(Supplied material Opens)
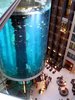 AquaDom, the world's largest cylindrical aquarium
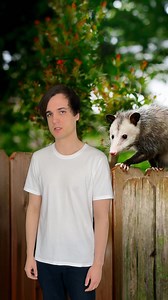 1.9M views · 38K reactions | And don’t you forget it 邏 #fyp #comedy #music #edutainment #possums | Matt Storer | Facebook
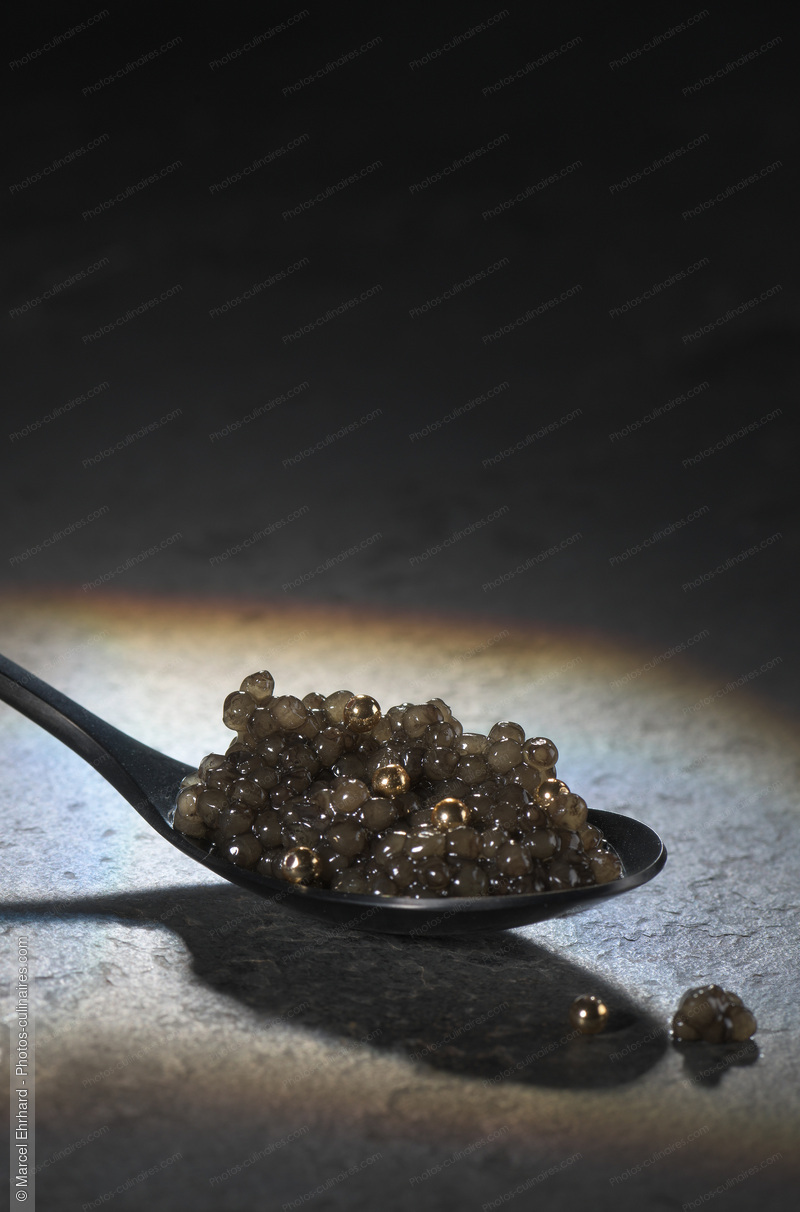 Caviar - photo r&eacute;f&eacute;rence PO651.jpg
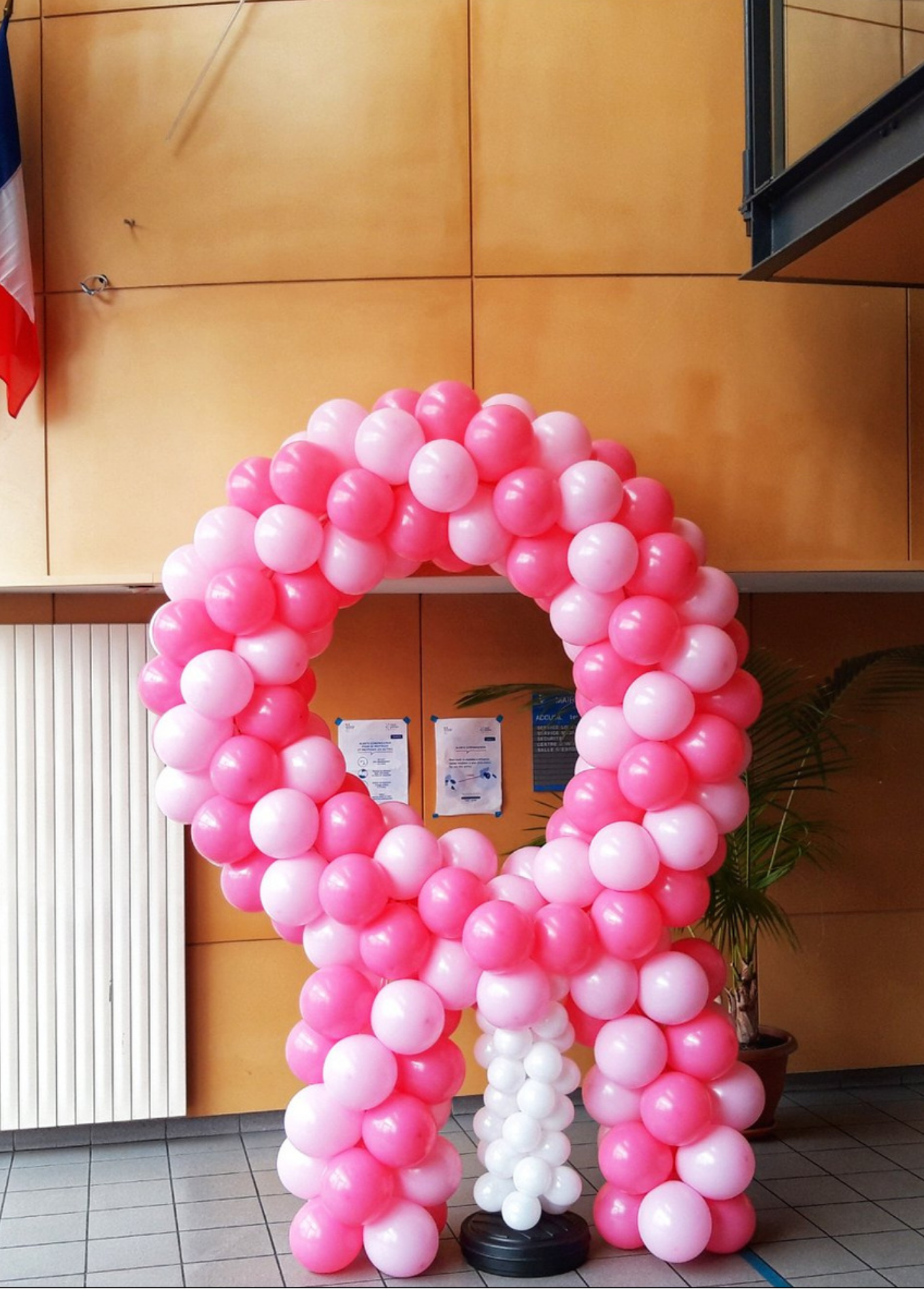 Ruban rose en ballons Hors Sol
(Supplied material Closes)
* _Problem to solve_
Word-for-word transcript, pictures excluded: copy all the material above.

* _Reply_
 AquaDom, the world's largest cylindrical aquarium
 1.9M views · 38K reactions | And don’t you forget it 邏 #fyp #comedy #music #edutainment #possums | Matt Storer | Facebook
 Caviar - photo r&eacute;f&eacute;rence PO651.jpg
 Ruban rose en ballons Hors Sol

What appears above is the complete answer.